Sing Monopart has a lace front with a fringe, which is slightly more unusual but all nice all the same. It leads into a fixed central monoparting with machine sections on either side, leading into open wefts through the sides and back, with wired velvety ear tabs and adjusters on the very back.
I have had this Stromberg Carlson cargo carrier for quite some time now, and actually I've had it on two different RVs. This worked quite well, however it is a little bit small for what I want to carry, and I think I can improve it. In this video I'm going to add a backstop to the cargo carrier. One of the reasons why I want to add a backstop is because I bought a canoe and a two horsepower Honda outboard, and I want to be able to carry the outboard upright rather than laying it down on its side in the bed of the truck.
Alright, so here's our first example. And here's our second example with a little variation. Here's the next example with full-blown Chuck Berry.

▬▬▬▬▬▬▬▬▬▬

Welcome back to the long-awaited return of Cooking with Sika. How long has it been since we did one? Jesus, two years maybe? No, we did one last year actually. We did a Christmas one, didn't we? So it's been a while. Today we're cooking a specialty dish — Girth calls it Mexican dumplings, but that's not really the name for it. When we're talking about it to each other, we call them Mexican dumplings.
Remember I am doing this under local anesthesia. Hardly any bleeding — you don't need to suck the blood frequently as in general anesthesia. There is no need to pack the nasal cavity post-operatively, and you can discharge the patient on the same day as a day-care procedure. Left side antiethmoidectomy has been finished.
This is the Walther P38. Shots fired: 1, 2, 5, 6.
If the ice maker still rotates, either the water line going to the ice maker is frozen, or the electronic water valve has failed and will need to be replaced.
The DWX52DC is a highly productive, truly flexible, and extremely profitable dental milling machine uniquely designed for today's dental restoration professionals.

▬▬▬▬▬▬▬▬▬▬

- _Instructions to follow_
Return only those lines of the records that contain the string "with".

- _Problem solution_
Sing Monopart has a lace front with a fringe, which is slightly more unusual but all nice all the same. It leads into a fixed central monoparting with machine sections on either side, leading into open wefts through the sides and back, with wired velvety ear tabs and adjusters on the very back.
Alright, so here's our first example. And here's our second example with a little variation. Here's the next example with full-blown Chuck Berry.
Welcome back to the long-awaited return of Cooking with Sika. How long has it been since we did one? Jesus, two years maybe? No, we did one last year actually. We did a Christmas one, didn't we? So it's been a while. Today we're cooking a specialty dish — Girth calls it Mexican dumplings, but that's not really the name for it. When we're talking about it to each other, we call them Mexican dumplings.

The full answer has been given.